The thermo-mechanical processing process may be one or a combination of methods of hot isostatic pressing, hot sintering, extrusion, forging, additive manufacturing, and the like.
The space of the target components of the nickel-based powder superalloy is as follows: 5.0 to 20.0 percent of Cr, 5.0 to 25.0 percent of Co, 0.0 to 15.0 percent of W, 0.0 to 5.0 percent of Mo, 0.0 to 6.0 percent of Al, 0.0 to 6.0 percent of Ti, 0.0 to 8.0 percent of Nb, 0.0 to 6.0 percent of Ta, 0.0 to 1.0 percent of Hf, 0.0 to 0.2 percent of Zr, 0.01 to 0.3 percent of C, 0.01 to 0.3 percent of B, and the balance of Ni, other trace elements beneficial to high-temperature alloys and unavoidable trace or impurity elements.

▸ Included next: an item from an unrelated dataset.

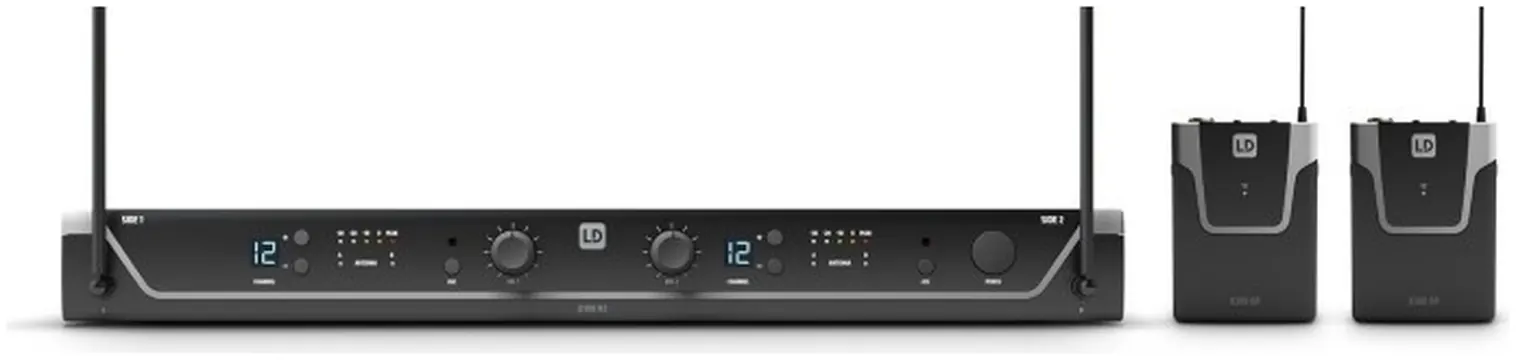 LD Systems U306 BPH 2 - Dual - Funkmikrofon System mit 2 x Bodypack und 2 x Headset - 655 - 679 MHz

Preferably, the space of the target component of the nickel-based powder superalloy is: 7.0 to 18.0 percent of Cr, 7.0 to 23.0 percent of Co, 1.0 to 12.0 percent of W, 1.0 to 3.5 percent of Mo, 2.0 to 5.0 percent of Al, 0.5 to 5.0 percent of Ti, 0.5 to 8.0 percent of Nb, 0.0 to 6.0 percent of Ta, 0.0 to 0.5 percent of Hf, 0.0 to 0.2 percent of Zr, 0.01 to 0.2 percent of C, 0.01 to 0.2 percent of B, and the balance of Ni, other trace elements beneficial to high-temperature alloys and unavoidable trace or impurity elements.
Further, 8.0 to 16.0 percent of Cr, 8.0 to 19.0 percent of Co, 2.0 to 11.0 percent of W, 1.4 to 3.2 percent of Mo, 2.1 to 5.0 percent of Al, 0.5 to 4.3 percent of Ti, 0.5 to 7.9 percent of Nb, 0.0 to 5.0 percent of Ta, 0.0 to 0.4 percent of Hf, 0.0 to 0.1 percent of Zr, 0.02 to 0.15 percent of C and 0.015 to 0.025 percent of B.
The preparation method is used for preparing the high-temperature rotating member in the aeroengine or the gas turbine, is suitable for preparing the nickel-based powder superalloy, and is particularly suitable for the volume fraction of the gamma' strengthening phase in the final alloy material at room temperature to be more than or equal to 45%.
The beneficial effects of the invention are as follows:
according to the preparation method, two materials with different gamma' -phase solid solution temperatures are prepared through design or selection, and different grain sizes of the two component materials can be changed in subsequent solid solution heat treatment. If the solution heat treatment temperature is between the solution temperature of the gamma' -phase of the two-component alloy, a material structure in which small-size sub-solution grains and large-size over-solution grains are uniformly mixed and distributed can be obtained. If the solid solution temperature is higher than the solid solution temperature of the gamma' -phase of the alloy with two components, although the two components have oversolid solution crystal grain growth, the crystal grain growth rate is different due to different initial chemical components, so that the double-distribution oversolid solution crystal grain structure can be obtained. In addition, regardless of the heat treatment mode, the gamma' phase distribution in the crystal is different while the crystal grain structure is subjected to different growth processes.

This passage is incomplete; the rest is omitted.